Here is a block of records. Copy every line in it that includes "with".

DATA PROVIDED
★ ★ ★

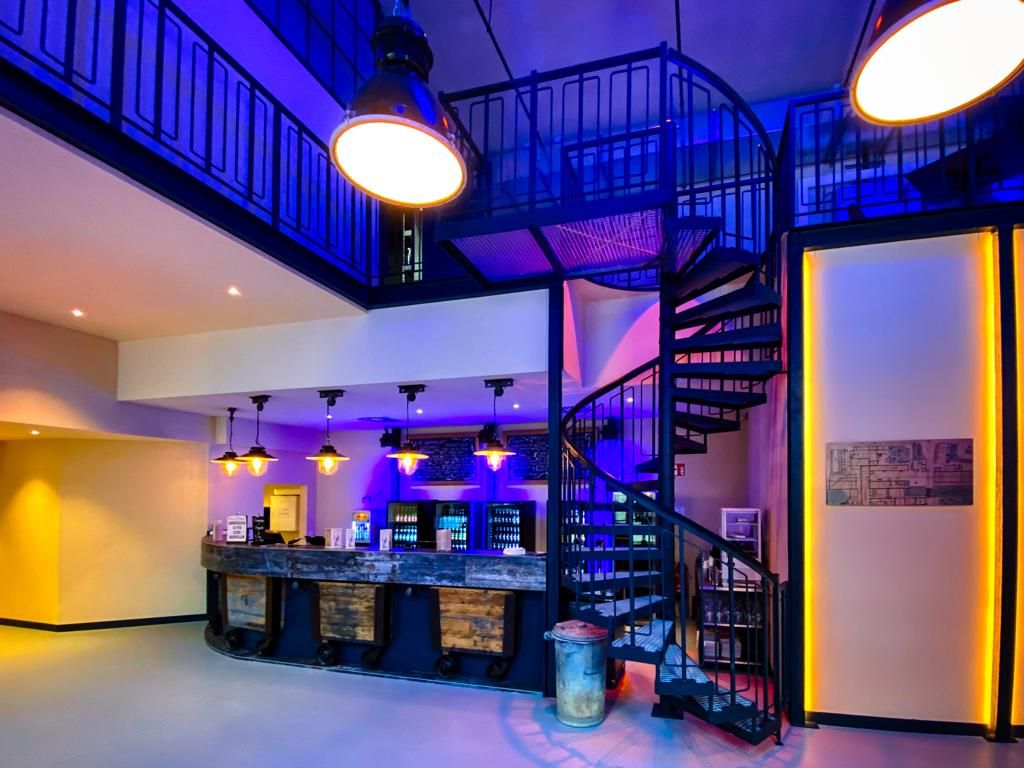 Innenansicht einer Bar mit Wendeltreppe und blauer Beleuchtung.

★ ★ ★

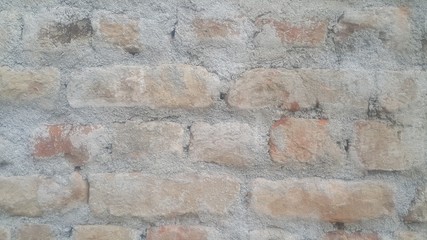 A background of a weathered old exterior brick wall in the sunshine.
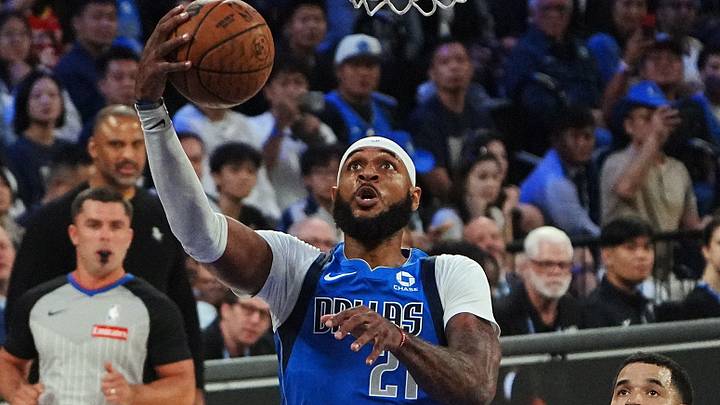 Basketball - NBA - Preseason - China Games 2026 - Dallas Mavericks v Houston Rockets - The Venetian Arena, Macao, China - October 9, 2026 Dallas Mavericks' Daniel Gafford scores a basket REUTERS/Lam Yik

★ ★ ★

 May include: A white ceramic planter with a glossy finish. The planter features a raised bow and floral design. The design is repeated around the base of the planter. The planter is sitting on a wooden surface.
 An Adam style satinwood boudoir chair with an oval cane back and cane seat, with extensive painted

★ ★ ★

YOUR SOLUTION
 May include: A white ceramic planter with a glossy finish. The planter features a raised bow and floral design. The design is repeated around the base of the planter. The planter is sitting on a wooden surface.
 An Adam style satinwood boudoir chair with an oval cane back and cane seat, with extensive painted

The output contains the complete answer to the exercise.